# iPad 1: no iMovie, but yes to Garageband?



## fyrefly (Apr 16, 2005)

According to MacRumors at least...

Tidbits: iPad 2 Mic, No iOS 4.3 for CDMA iPhone, iMovie and GarageBand Compatibility - Mac Rumors

Sucks that the iPhone 4 gets iMovie, but the iPad 1 doesn't? Must be something to do with the RAM on iPad 1. I'm sure hackers will get it on there.


----------



## The G3 Man (Oct 7, 2008)

fyrefly said:


> according to macrumors at least...
> 
> tidbits: Ipad 2 mic, no ios 4.3 for cdma iphone, imovie and garageband compatibility - mac rumors
> 
> sucks that the iphone 4 gets imovie, but the ipad 1 doesn't? Must be something to do with the ram on ipad 1. I'm sure hackers will get it on there.


+1


----------



## Digikid (Jun 22, 2010)

Umm.....you may want to read this:

Apple announces iMovie, Garageband for iPad | iLounge News


----------



## frednhb (Nov 21, 2008)

Garageband looks sick, who cares about imovie. does apple sell a chord or converter to plug your guitar into the ipad?


----------



## frednhb (Nov 21, 2008)

Garageband looks unreal... but how do you hook up your guitar to an ipad?


----------



## Digikid (Jun 22, 2010)

Probably Apples new motto.....Instead of saying " There's an app for that" it is now "Theres a dongle for that"


----------



##  Dumpling (May 28, 2010)

Glad this will be on Gen 1. As it is my Tractor Beam is pretty defenceless against Uncle Steve's RFD, and not having the ability to work with existing projects might have forced me to upgrade.


----------



## PosterBoy (Jan 22, 2002)

frednhb said:


> Garageband looks unreal... but how do you hook up your guitar to an ipad?


In the video there was an adapter thing, didn't catch the brand but you can rest assured it'll show up pretty quick.


----------



## Guest (Mar 3, 2011)

I think I'll stick to my desktop/macbook pro for garage band and iMovie (not that I use either to be honest) -- but I don't think I would want to try and use them on my iPad. Some things work well towards a touch interface, but precision editing is *NOT* one of those things by a long shot.


----------



## kelman (Sep 25, 2010)

mguertin said:


> I think I'll stick to my desktop/macbook pro for garage band and iMovie (not that I use either to be honest) -- but I don't think I would want to try and use them on my iPad. Some things work well towards a touch interface, but precision editing is *NOT* one of those things by a long shot.


+1, G4 MDD 1.42, raid drives and usb mixer, ipad is for work/simple games


----------



## Joker Eh (Jan 22, 2008)

Digikid said:


> Probably Apples new motto.....Instead of saying " There's an app for that" it is now "Theres a dongle for that"

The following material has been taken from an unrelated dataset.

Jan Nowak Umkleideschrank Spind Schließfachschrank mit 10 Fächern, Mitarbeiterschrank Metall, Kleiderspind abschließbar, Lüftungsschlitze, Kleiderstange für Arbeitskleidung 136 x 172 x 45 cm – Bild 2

Stupid dongles. I hate the day when I forgot my donlge at home. Geez. Isn't it 2011?


----------



## Guest (Mar 3, 2011)

Joker Eh said:


> Stupid dongles. I hate the day when I forgot my donlge at home. Geez. Isn't it 2011?


Yep and it's getting worse all the time, wait till all the Thunderbolt stuff hits the streets and you need all kinds of dongles for that. You'll need 2 carrying cases, a small one for your electronics (iPad, laptops) and a HUGE one for all the dongles that you'll need to carry to hook them up to everything.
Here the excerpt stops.